Before I briefly share my method, my cheeky, frank yet necessary message is: It is incredibly important to do your own research…please ask google, watch a ‘how to’ YouTube video. Embrace the trial and error process, because it is such a great way to learn and refine your approach to any task before you. I will share how I did things…but do not take my way as the only way or the right way. Finally, just because someone else has done something similar to what you would like to do, does not mean that you are exempt or disallowed from doing it too. No one will do it like you or have the same impact as you. Support those who have gone before you, but know that you are not limited to their creative expression.
I create everything myself! From the cover design, interior design, to the written content. I have always been resourceful and when I know that I have the capacity and the resources to do something myself, I will always choose DIY over outsourcing a task. These were my essential resources for designing:
- Adobe Creative Cloud subscription (£) (mainly Adobe Illustrator, Adobe InDesign, Adobe Acrobat Reader)
- Microsoft Word
Nobody taught me how to use Adobe applications except YouTube and myself through playing around and learning via trial and error! So back to my first point…do your research, use YouTube ‘how to’ videos. I certainly won’t be detailing my entire designing process because I’m not a graphic designer, but I will point you in the right direction!

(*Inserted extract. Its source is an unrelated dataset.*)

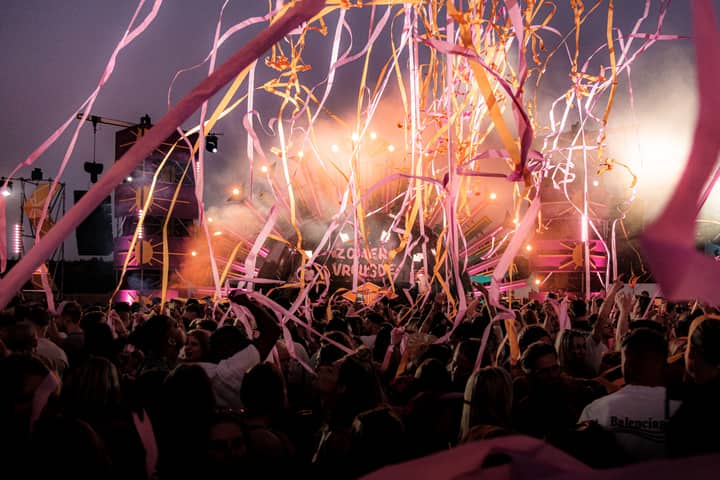 Crowd enjoying a vibrant festival with colorful ribbons and stage lights under a twilight sky.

There are a number of free tools for designing covers (ask Google), however, for me, none have the functionality and options quite like Adobe Creative Cloud! It allows me to save my font type, colour palette and general settings, which cuts down my design time. The software is made for designing prints, which makes everything I create look clean, professional and fit for purpose. Moreover, Adobe allows you to create the exact measurements and settings required needed for the printers!

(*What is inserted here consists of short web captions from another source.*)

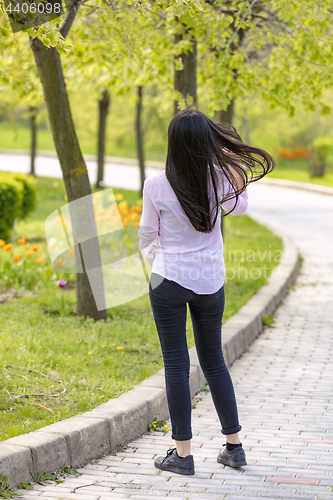 Image of Teenager brunette girl walking in park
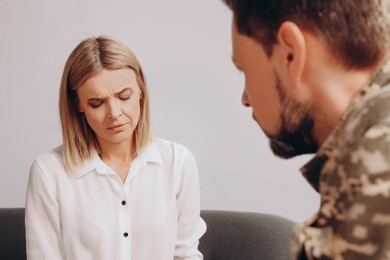 Psychologist working with military officer in office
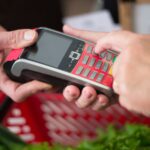 Mãos introduzem um PIN em um terminal de pagamento junto a uma cesta de compras.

I used good old Microsoft word for the written content and simply converted it to a PDF file. I was then able to merge my exterior cover designs (which were in Adobe PDF format) with the written part of my journal to eventually create one file for printing.

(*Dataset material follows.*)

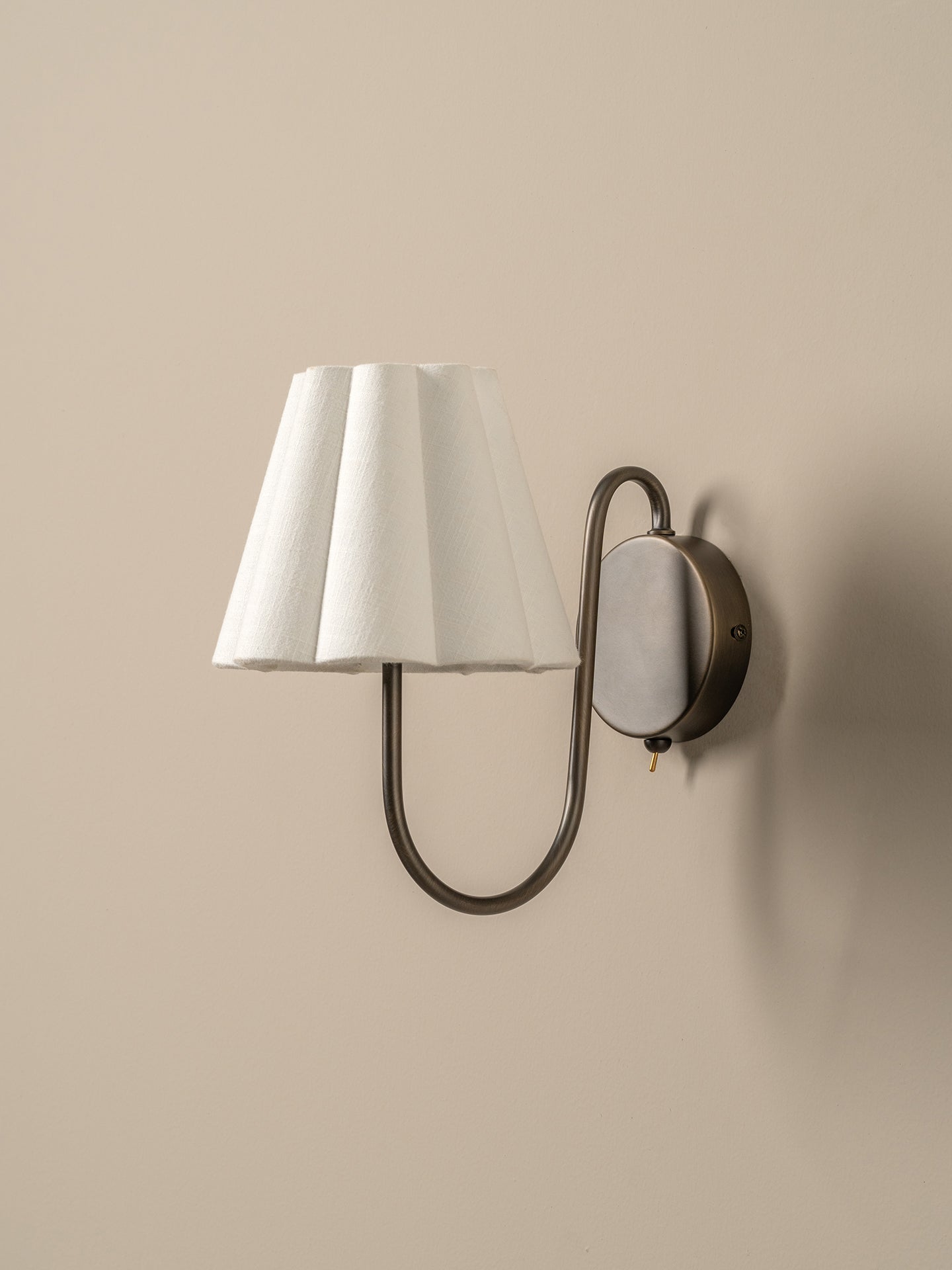 Wall-mounted lamp with a white shade and bronze fixture on a beige wall.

Printing my journals is the easiest part of the process, however, there are certain elements of the printing process which require close attention. Firstly, your essential resources for printing are:
- Money (£££)
- Printing company
- Clear communication
Use Google to find printing companies in your area and send them your draft design to receive quotes on how much printing would cost per journal (+VAT)! In requesting a quote, you must be clear about how you want your journal to look, for example, whether you’d like it wiro-bound or saddle-stitch book bound; softback or hardback and so on. You must also have a fair idea of how man you would like to print as for most printers, the cost per journal decreases as the quantity of the order increases. Finally, you need money. Printing fair to high-quality journals is not cheap, so have your capital ready ahead of printing!
- You provide the stock of products; in this case, journals, and Amazon will fulfil any order (ie. they will ship it, at a cost to you)
- You keep the stock of products and you fulfil the order by providing the postage and packaging which has been paid for by the customer. (Still, pay a small fee to Amazon per order)
I actually love to pack and post my journals. I use the Royal Mail Online Postage service, which saves me having to trek to the post office to buy stamps or join a queue. I haven’t thought about selling via eBay or creating an online store like ‘Shopify’, but these are also options if they fit your clientele. Finally, sell your journal at your chosen price! Factor in the time, effort and cost of production. My journals cost between £7-10 to produce; depending on how many I order in one stock order, the colours, additional foiling and so on. There are times when I give out journals at a discounted price, and there are times when they remain full price. Do as you’re led when it comes to ‘selling’. Obviously, don’t make a poor quality journal with a hefty price tag. Be wise.
So this is the part where I should say, ‘if you have any questions do let me know’. But I’m sure you all have gathered the gist by now. Ask Google! Haha, love y’all. God Bless all your endeavours!